Records for processing
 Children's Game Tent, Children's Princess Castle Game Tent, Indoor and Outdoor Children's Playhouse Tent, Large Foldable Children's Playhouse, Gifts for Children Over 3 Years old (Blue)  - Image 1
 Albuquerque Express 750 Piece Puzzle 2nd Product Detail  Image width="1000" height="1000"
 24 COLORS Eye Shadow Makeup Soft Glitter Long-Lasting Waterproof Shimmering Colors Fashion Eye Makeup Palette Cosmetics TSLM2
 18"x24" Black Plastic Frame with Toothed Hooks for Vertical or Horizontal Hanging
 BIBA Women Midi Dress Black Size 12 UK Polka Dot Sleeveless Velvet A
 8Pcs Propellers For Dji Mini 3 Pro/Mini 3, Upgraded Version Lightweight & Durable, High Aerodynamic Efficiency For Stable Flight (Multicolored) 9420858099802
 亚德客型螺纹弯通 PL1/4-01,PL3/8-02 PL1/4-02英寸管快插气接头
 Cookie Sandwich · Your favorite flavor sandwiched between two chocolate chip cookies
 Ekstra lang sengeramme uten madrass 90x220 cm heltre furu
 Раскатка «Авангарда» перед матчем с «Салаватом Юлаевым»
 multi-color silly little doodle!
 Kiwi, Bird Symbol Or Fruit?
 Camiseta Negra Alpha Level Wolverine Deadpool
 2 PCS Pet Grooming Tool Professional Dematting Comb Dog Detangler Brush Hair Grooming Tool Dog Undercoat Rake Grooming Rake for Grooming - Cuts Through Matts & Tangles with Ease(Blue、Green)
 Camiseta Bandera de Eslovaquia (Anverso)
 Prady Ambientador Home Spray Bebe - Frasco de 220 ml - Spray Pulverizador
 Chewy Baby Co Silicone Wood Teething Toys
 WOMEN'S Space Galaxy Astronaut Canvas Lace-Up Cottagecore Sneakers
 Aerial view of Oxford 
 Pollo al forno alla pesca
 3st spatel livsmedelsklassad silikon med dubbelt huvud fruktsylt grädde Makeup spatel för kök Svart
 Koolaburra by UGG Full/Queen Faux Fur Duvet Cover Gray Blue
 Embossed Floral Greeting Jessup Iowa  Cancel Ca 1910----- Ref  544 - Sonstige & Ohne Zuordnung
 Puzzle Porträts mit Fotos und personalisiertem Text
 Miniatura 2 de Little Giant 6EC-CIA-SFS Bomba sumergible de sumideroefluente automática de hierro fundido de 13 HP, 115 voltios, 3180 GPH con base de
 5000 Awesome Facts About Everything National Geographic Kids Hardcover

What to work on
Once the records have been read, print them all again exactly.

Result
 Children's Game Tent, Children's Princess Castle Game Tent, Indoor and Outdoor Children's Playhouse Tent, Large Foldable Children's Playhouse, Gifts for Children Over 3 Years old (Blue)  - Image 1
 Albuquerque Express 750 Piece Puzzle 2nd Product Detail  Image width="1000" height="1000"
 24 COLORS Eye Shadow Makeup Soft Glitter Long-Lasting Waterproof Shimmering Colors Fashion Eye Makeup Palette Cosmetics TSLM2
 18"x24" Black Plastic Frame with Toothed Hooks for Vertical or Horizontal Hanging
 BIBA Women Midi Dress Black Size 12 UK Polka Dot Sleeveless Velvet A
 8Pcs Propellers For Dji Mini 3 Pro/Mini 3, Upgraded Version Lightweight & Durable, High Aerodynamic Efficiency For Stable Flight (Multicolored) 9420858099802
 亚德客型螺纹弯通 PL1/4-01,PL3/8-02 PL1/4-02英寸管快插气接头
 Cookie Sandwich · Your favorite flavor sandwiched between two chocolate chip cookies
 Ekstra lang sengeramme uten madrass 90x220 cm heltre furu
 Раскатка «Авангарда» перед матчем с «Салаватом Юлаевым»
 multi-color silly little doodle!
 Kiwi, Bird Symbol Or Fruit?
 Camiseta Negra Alpha Level Wolverine Deadpool
 2 PCS Pet Grooming Tool Professional Dematting Comb Dog Detangler Brush Hair Grooming Tool Dog Undercoat Rake Grooming Rake for Grooming - Cuts Through Matts & Tangles with Ease(Blue、Green)
 Camiseta Bandera de Eslovaquia (Anverso)
 Prady Ambientador Home Spray Bebe - Frasco de 220 ml - Spray Pulverizador
 Chewy Baby Co Silicone Wood Teething Toys
 WOMEN'S Space Galaxy Astronaut Canvas Lace-Up Cottagecore Sneakers
 Aerial view of Oxford 
 Pollo al forno alla pesca
 3st spatel livsmedelsklassad silikon med dubbelt huvud fruktsylt grädde Makeup spatel för kök Svart
 Koolaburra by UGG Full/Queen Faux Fur Duvet Cover Gray Blue
 Embossed Floral Greeting Jessup Iowa  Cancel Ca 1910----- Ref  544 - Sonstige & Ohne Zuordnung
 Puzzle Porträts mit Fotos und personalisiertem Text
 Miniatura 2 de Little Giant 6EC-CIA-SFS Bomba sumergible de sumideroefluente automática de hierro fundido de 13 HP, 115 voltios, 3180 GPH con base de
 5000 Awesome Facts About Everything National Geographic Kids Hardcover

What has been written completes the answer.